Luxford é o autor de um polêmico artigo publicado no início do mês na revista “Journal of Medieval History”. Com base na descoberta de anotações no rodapé de um dos volumes da “Polycrhonychon” (uma enciclopédia histórica com origens no século XIV) feitas por um monge católico, o historiador alega que Robin Hood e seu bando estavam longe de ser figuras populares entre os pobres e oprimidos.
Especialmente porque os mais desvalidos também faziam parte do rol de vítimas das ações dos bandidos, diferentemente da tão alardeada preferência por métodos mais drásticos de distribuição da renda obtida em pilhagens das grandes fortunas dos nobres ingleses.

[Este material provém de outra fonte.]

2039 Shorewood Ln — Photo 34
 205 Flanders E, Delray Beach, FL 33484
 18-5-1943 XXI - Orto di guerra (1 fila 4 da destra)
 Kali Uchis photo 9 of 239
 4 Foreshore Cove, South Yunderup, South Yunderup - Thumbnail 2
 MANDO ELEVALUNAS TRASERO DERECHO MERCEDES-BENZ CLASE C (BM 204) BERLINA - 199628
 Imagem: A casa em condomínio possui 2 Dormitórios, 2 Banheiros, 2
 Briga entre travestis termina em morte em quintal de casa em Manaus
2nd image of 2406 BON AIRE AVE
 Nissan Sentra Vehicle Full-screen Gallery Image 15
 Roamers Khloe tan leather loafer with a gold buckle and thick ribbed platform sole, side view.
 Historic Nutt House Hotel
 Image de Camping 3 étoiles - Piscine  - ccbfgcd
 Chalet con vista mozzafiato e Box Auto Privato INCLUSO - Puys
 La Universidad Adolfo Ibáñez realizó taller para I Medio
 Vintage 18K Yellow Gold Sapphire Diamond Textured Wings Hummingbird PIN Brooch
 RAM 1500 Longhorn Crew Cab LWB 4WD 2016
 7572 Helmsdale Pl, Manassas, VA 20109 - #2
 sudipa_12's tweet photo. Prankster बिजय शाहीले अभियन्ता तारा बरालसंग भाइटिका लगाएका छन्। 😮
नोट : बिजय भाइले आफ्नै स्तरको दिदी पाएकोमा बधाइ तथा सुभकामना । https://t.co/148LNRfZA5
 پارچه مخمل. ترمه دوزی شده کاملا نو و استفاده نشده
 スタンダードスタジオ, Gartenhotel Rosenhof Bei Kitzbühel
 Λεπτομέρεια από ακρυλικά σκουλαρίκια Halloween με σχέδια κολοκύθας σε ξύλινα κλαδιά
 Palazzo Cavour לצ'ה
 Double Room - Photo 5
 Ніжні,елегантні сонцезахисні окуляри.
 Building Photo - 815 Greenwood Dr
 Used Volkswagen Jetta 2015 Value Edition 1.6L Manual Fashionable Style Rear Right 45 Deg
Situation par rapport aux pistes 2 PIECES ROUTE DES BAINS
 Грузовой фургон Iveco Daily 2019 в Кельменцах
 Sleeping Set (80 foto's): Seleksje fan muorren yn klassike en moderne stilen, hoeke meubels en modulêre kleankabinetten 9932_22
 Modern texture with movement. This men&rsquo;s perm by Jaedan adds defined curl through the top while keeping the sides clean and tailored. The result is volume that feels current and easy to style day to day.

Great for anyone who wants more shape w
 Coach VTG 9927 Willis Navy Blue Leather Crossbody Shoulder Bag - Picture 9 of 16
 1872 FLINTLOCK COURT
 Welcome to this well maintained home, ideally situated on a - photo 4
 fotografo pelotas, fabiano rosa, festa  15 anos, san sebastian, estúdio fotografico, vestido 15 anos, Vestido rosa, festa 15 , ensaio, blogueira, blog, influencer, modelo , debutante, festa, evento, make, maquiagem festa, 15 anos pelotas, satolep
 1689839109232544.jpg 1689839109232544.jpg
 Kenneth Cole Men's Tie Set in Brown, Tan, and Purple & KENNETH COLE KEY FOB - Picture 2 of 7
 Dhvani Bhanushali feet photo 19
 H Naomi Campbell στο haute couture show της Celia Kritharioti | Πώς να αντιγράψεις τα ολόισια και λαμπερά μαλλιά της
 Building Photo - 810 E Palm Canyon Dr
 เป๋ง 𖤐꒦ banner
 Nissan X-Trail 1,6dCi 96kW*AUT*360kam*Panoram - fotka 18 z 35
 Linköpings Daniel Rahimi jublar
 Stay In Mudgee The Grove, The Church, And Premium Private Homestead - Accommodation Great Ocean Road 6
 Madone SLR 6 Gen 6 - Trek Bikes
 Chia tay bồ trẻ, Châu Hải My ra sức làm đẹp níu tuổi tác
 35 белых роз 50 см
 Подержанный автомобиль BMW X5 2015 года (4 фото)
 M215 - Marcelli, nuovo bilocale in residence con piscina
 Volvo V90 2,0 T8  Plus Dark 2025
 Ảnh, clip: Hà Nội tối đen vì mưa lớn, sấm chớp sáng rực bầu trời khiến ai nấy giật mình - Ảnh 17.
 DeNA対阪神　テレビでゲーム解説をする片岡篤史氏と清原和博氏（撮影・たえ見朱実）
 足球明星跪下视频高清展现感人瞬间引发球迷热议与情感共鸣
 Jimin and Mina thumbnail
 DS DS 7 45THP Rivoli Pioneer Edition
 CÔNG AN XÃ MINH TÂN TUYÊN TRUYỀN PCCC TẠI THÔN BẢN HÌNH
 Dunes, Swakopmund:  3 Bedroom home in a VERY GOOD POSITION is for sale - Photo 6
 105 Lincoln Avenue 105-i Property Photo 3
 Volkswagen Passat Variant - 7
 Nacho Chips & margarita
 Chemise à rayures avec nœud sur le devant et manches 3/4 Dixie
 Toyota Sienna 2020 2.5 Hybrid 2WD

— Em vez de descrever o herói revolucionário que hoje conhecemos, a inscrição fala em como um fora-da-lei conhecido como Robin Hood infestava Sherwood e outras áreas da Inglaterra com seus asseclas — conta Luxford, em entrevista ao GLOBO. — Trata-se não apenas da primeira referência histórica real medieval que temos sobre Robin Hood, fora os elementos de folclore, como também a primeira evidência sobre o contexto em que ele viveu.
A última frase é uma alusão ao debate sobre o período que em Robin Hood teria vivido. O historiador descobriu as anotações do monge anônimo durante uma pesquisa sobre desenhos medievais na biblioteca de Eton, a famosa escola particular britânica. Luxford afirma que o fato de a inscrição ter sido feita num trecho do livro que descreve o período entre 1294 e 1299 da história inglesa sugere que o bandido passou por esse mundo durante o reinado de Eduardo I (1239-1307). Uma datação diferente do período que anteriormente servia de pano de fundo histórico para as ações de Robin Hood — o reinado de Ricardo I (1189-1199), mais conhecido pelo apelido de “Coração de Leão”.
A construção do mito romântico
Embora assegure não duvidar da existência de que alguém real tenha inspirado a lenda de Robin Hood, Luxford vai reanimar a polêmica envolvendo o mito e o ladrão. A primeira menção escrita sobre o larápio-arqueiro está num poema de 1377, de autoria atribuída a William Langland. É uma referência breve, mas a invenção da imprensa multiplicou as citações, ao ponto de no século XVII já haver 200 menções de seu nome em poemas, romances e peças. Havia até homenagens de bandidos que adotavam as alcunhas de Robin e outros supostos integrantes do bando.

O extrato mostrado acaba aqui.